Which means that the whole cluster of thirteen Hox genes (or the whole genome carrying them) was duplicated twice in the evolutionary distance between segmented worms and humans.

One of the ways that genes and organisms can evolve rapidly is through duplication events - parts of genes, whole genes, parts or whole chromosomes, even whole genomes. Most often these duplication events are damaging or deadly events. For example, some human diseases are associated with extra chromosomes (like Down syndrome which is known to be caused by an extra copy of chromosome 21). But on occasion this duplication appears to have had beneficial evolutionary advantages, and we currently know of several times when whole genomes were duplicated in various organisms. The duplicated genes or chromosomes or whole genomes can in some cases lead to dramatic evolution of new functions or features and eventually species.


The Hox genes that once simply controlled the sequence of segments in a simple worm hundreds of millions of years ago, now not only control the sequence of our vertebrae, but also controls the development of our limbs down to our fingers and toes. Hox mutations are often lethal, but some minor Hox mutations will cause things like polydactyly (extra fingers or toes).

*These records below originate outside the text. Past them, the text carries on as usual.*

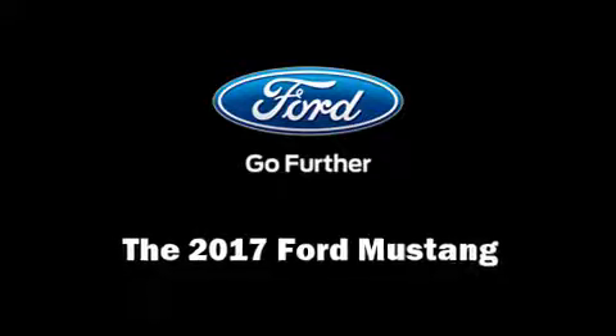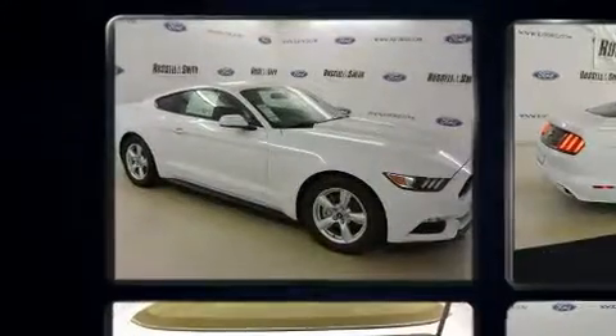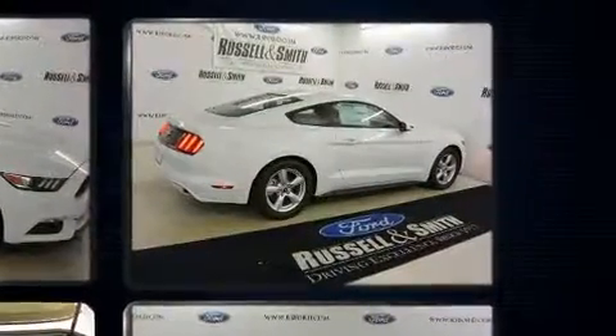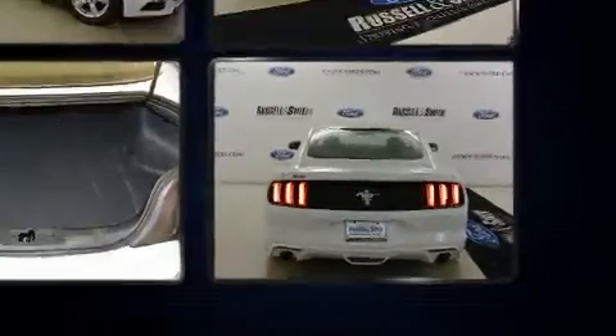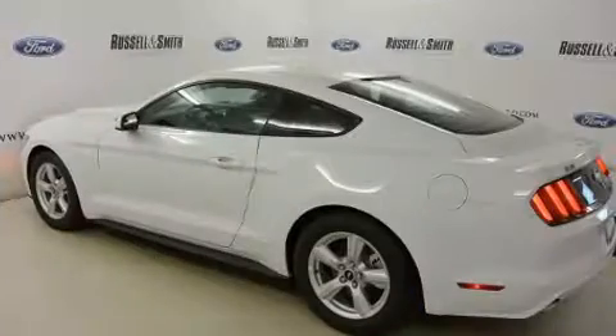Come test drive this 2017 Ford Mustang. This two-door, four-passenger coupe is ready to drive off the showroom floor. Ford made sure to keep road handling and sportiness at the top of its priority list. Under the hood, you'll find a six-cylinder engine with more than 300 horsepower, providing a smooth and predictable driving experience.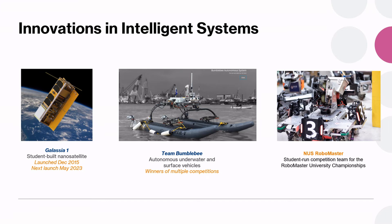Here are some examples of projects that we currently have. Innovations in intelligence systems is pretty much extensive engineering, suitable for students who wish to have deep technical skills in complex systems such as a satellite, autonomous vehicles and collaborative robots like those in the RoboMaster teams.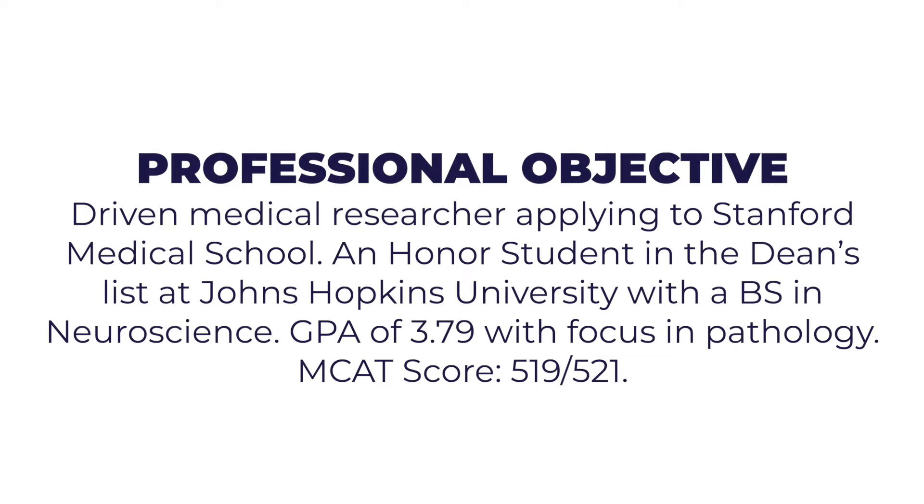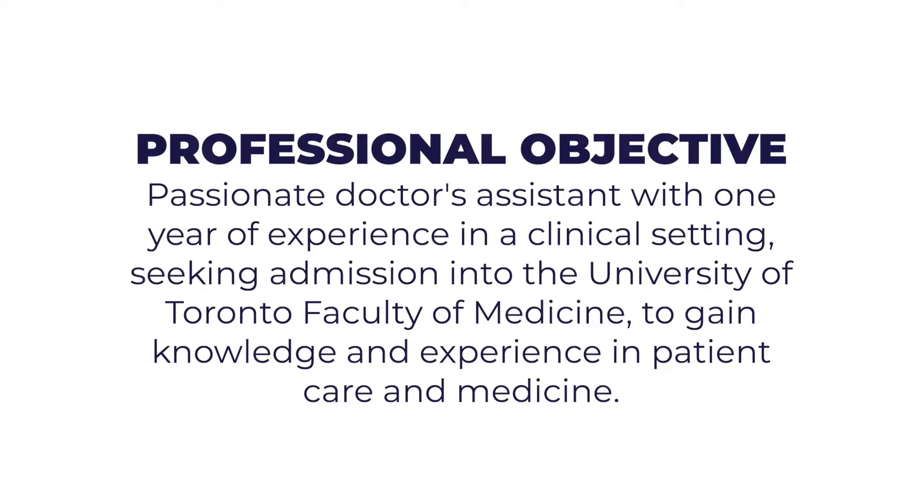Here's an example of an objective for a student wanting to focus on research: 'Driven medical researcher applying to Stanford Medical School. An honor student on the Dean's List at John Hobson University with a BS in Neuroscience, GPA of 3.79, with a focus on pathology, MCAT score 519.' And here's another example for an applicant focusing on patient care: 'Passionate doctor's assistant with one year of experience in a clinical setting, seeking admission into the University of Toronto Faculty of Medicine to gain knowledge and experience in patient care and medicine.'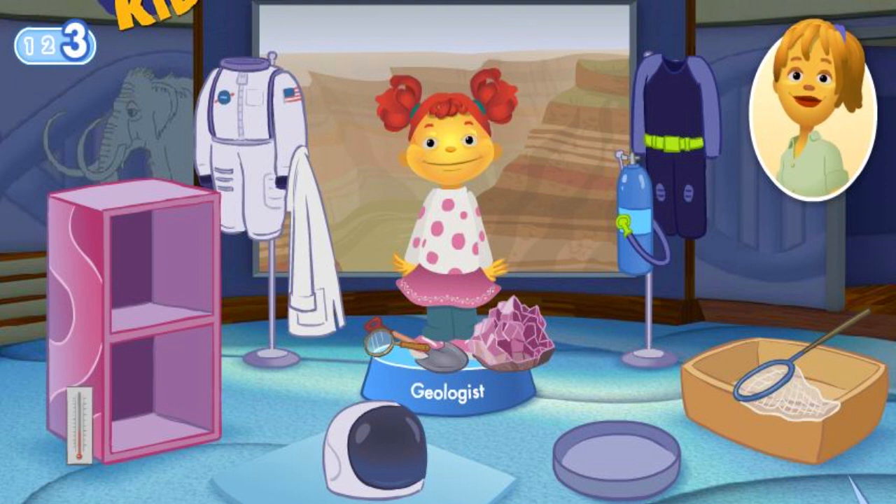That was fun, and you did such an excellent job! Thanks for playing with us! Mom, I can't wait to grow up so I can be a scientist, too! Mija, you don't need to wait until you're a grown-up to be a scientist. You can explore and make lots of discoveries all around you, right now! Hasta luego! Come back and play again soon!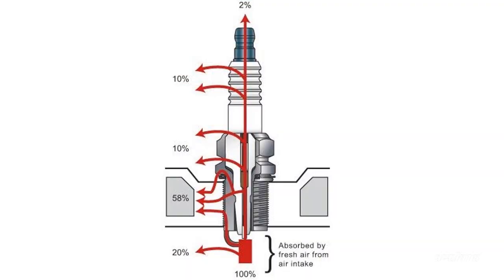Spark plugs have two jobs. The first job is obvious — to create the spark necessary to ignite the air and fuel mixture inside of the cylinder. The second job, and the less obvious one, is to pull heat from the cylinder and transfer it into the head where it can be cooled down by the cooling system.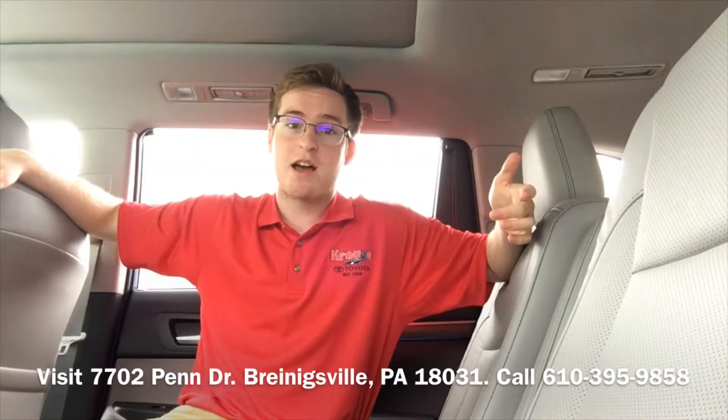If you want to know more about the Highlander and want to see one for yourself today, come on down to Kraus Toyota to check it out.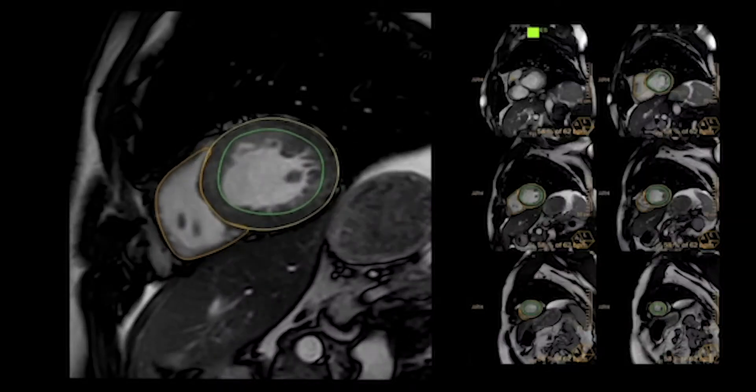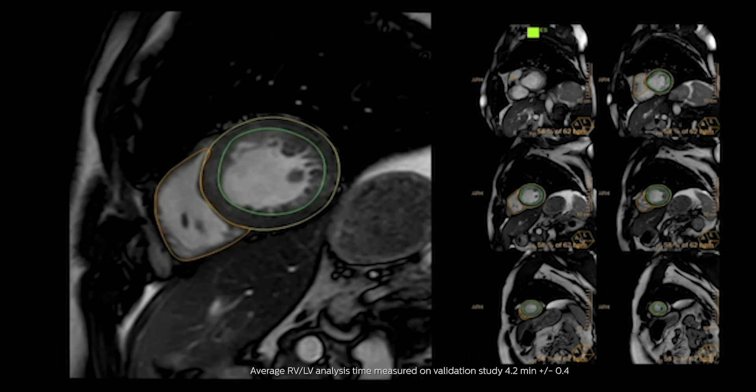Scott, can you talk us through some of the highlights? Sure. I'll start with cardiac cases, where we use an artificial intelligence-based technology for automatic ventricle segmentation. This enables completion of cardiac MRI functional analysis in less than five minutes.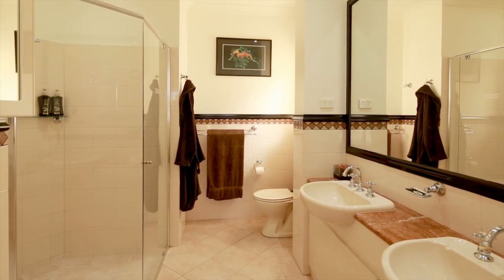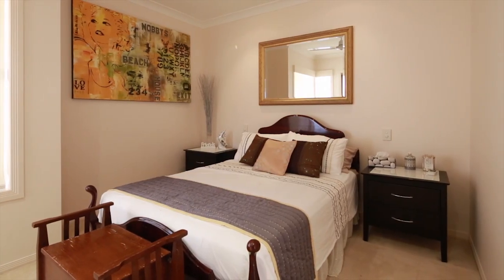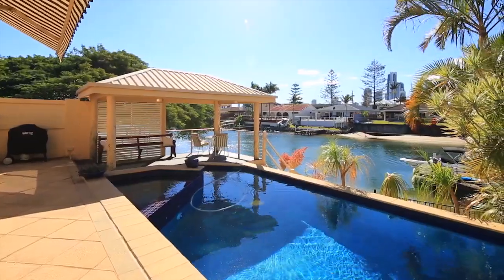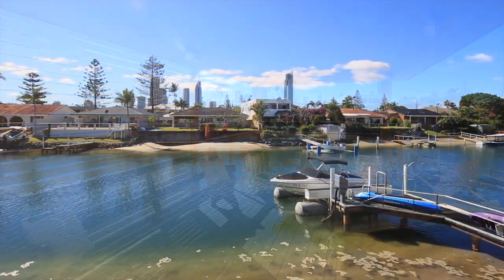With off-street parking for up to four cars, a high ceiling in the lounge area, an entertaining deck by the pool, and a heated spa leading down to the jetty, you could easily walk to Isle of Capri or Chevron Island. Villa 1, 29 Vespa Crescent, Surfers Paradise.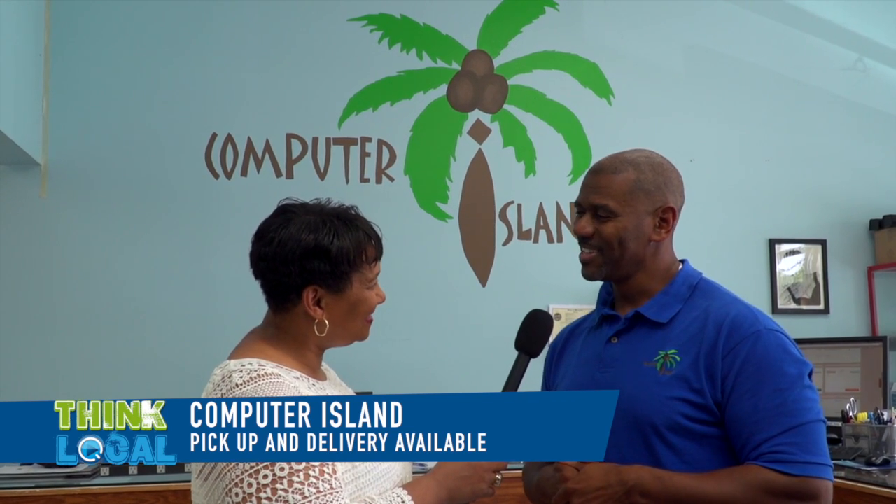Thanks so much, John. Come on down to Computer Island and learn a lot about the computer you have, or if you'd like to purchase one, we've got it here.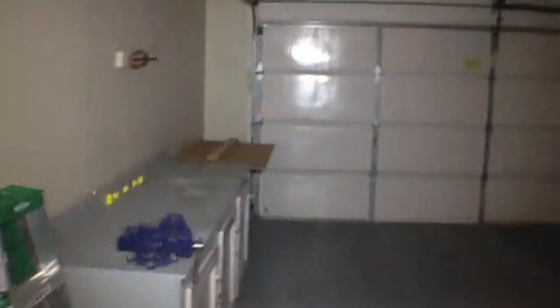Here we have a two-car garage. There's a step down. The light is on. There's a workbench — two of them, in fact. Gas hot water, gas furnace, I believe.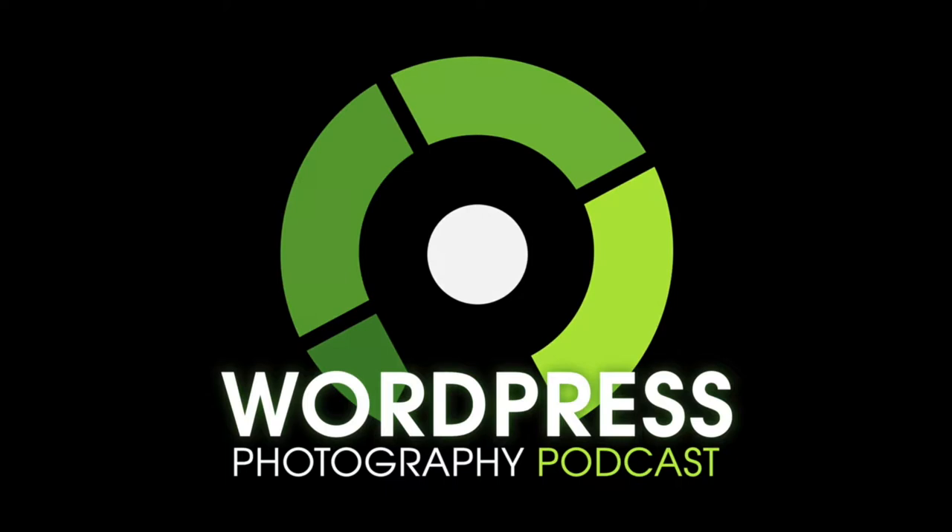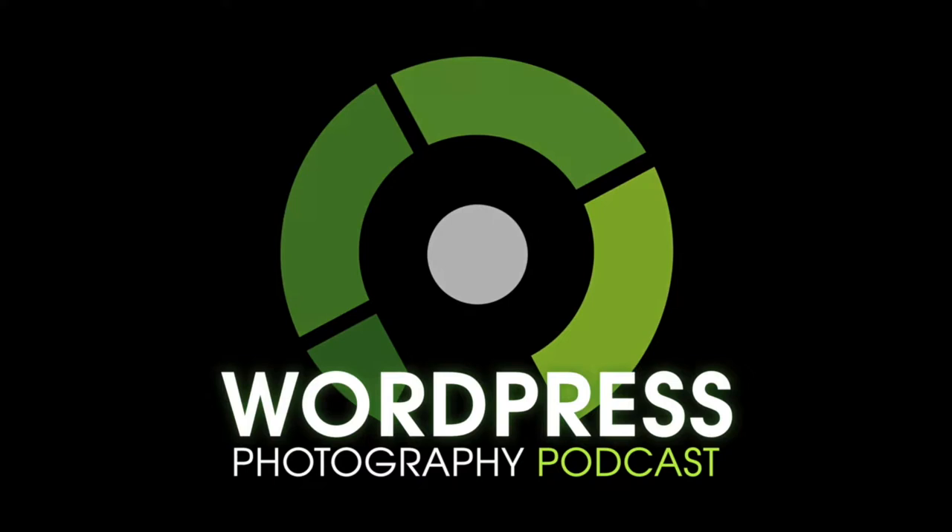Welcome to the WordPress Photography Podcast, the podcast for photographers who want to learn how to get the most out of WordPress to grow their photography business. You don't need to be a geek to understand WordPress. Settle back and listen as we show you how. Here's your host, Scott Wyden-Kivowitz.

That’s a peek at the evolutionary power of duplication events.

I think the Cdc25 evolutionary tree shows that somewhere between fish and frogs the Cdc25 gene (if not the whole genome) duplicated once, whereupon the 2nd copy began to drift and pick up different functions and characteristics from the 1st copy… and somewhere between frogs and lizards a third copy of Cdc25 (if not the whole chromosome) was made and it also began to drift evolutionarily from the other two. So today, most vertebrates from lizards to mammals including humans have three copies of Cdc25 which retain a sequence similarity that traces back to approximately when the duplication happened (the branch point on the evolutionary tree).

Just like we have traces of a tailbone that are only visible on x-ray… what we’re seeing in those phylogenetic trees are invisible traces of our evolutionary past locked in our protein sequences. Which I think is some seriously cool geewizery.